After knowing we had a valid language with close to a thousand speakers we went back to get word lists and look for believers. We found a secret believer in San Pedro Alto who offered to translate a script. We didn’t have a script manual so had to make a special trip back to leave that off. Turned out that the word list we had gotten on our first visit was from the local shaman. (I promise there will be more to that part of the story.)
Phone communication with Lulu (the secret believer) was sketchy at best so we went back (this is a three hour drive over a very high mountain range each time). We found that Lulu had lost her mother and found that the translation was really more than she could handle.
So we made another trip to San Antonin and actually found a church. Pastor Porfilio and his wife were actually Zapoteco speakers. But he said he did not have time for a translation project and put us off. I left heavyhearted and was advised to write it off.
But the Lord would not let me sleep. A couple of weeks later I went back with Francisco who is a Zapoteco speaker from a very different language variant. During the two weeks we had confirmed active speakers in at least three other villages. Francisco persuaded the pastor to work with us and he promised to call us when he could give us a date.

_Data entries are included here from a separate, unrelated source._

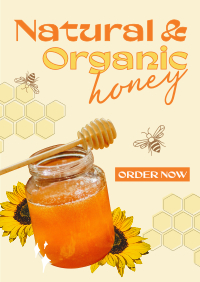 Delicious Organic Pure Honey Flyer Image Preview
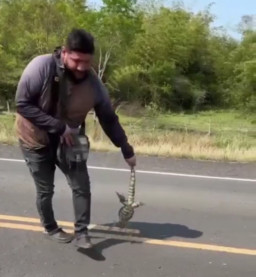 Selamatkan Kadal, Pria Ini Ditabrak Mobil hingga Terlempar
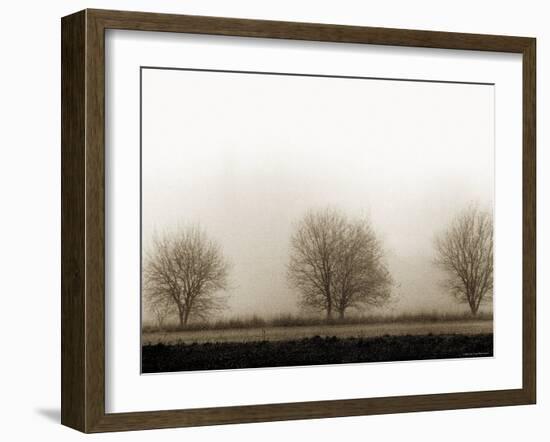 Trees-Monika Brand-Framed Photographic Print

Well, time went by and the phones weren’t working so we made another trip to get a date. Porfilio gave us the date of December 22. On that trip the front wheel on the van actually fell off the van — fortunately at a very low speed.
Last week we went back to honor our invitation. We went a day early because of road blockages created by protesters in Oaxaca city. We were in time for an evening Bible study and learned that Porfilio was actually the shadow pastor. Turned out the actual pastor and founder of the church was normally living in Texas and happened to be there. His name was Pablo. When he announced us in the service he indicated that we had come to translate the Bible.
That explained a lot. Lots of their reluctance was because they did not have time to tackle such a big project. After the meeting we were invited to a home for supper along with the Pastor Pablo and elders and we had a good long talk. We were in a home with Internet so we were able to play GRN recordings from 5fish for them from the two closest languages. I explained to them that although we were outsiders we could identify two groups of Zapotecos that needed the Gospel — the migrants and the elderly.
They immediately started discussing what they should record. We did not give them a script book. We suggested some Bible stories that would target the Zapotecos that had left the culture. They wanted to also target the monolinguals that were isolated in their homes and were still unconverted.
They really liked the idea of using Luke 15 and the Prodigal Son. Here Jesus suggests that God loved and was looking for the Zapotecos that had left, but also those that had stayed yet still did not know God.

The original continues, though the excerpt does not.